▶ TASK REQUIREMENTS:
Start at the first line below and write out everything verbatim except the pictures.

RECORDED DATA: Begin

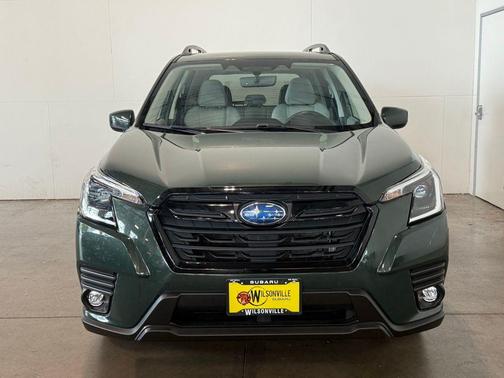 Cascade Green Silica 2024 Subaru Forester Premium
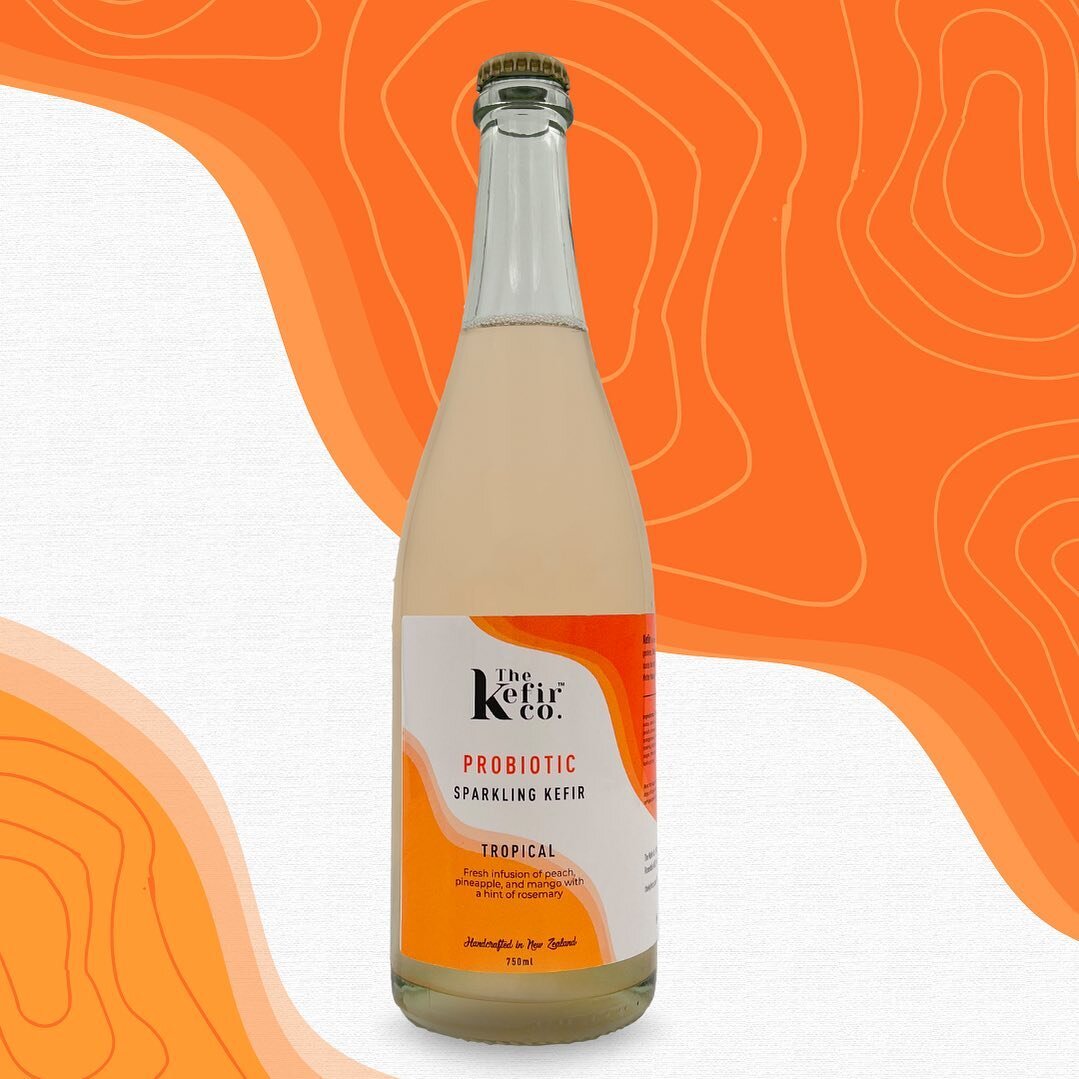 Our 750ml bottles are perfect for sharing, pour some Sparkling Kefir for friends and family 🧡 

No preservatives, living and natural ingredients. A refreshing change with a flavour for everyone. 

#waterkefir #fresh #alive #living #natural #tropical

RECORDED DATA: End

▶ WRITTEN SOLUTION:
 Cascade Green Silica 2024 Subaru Forester Premium
 Our 750ml bottles are perfect for sharing, pour some Sparkling Kefir for friends and family 🧡 

No preservatives, living and natural ingredients. A refreshing change with a flavour for everyone. 

#waterkefir #fresh #alive #living #natural #tropical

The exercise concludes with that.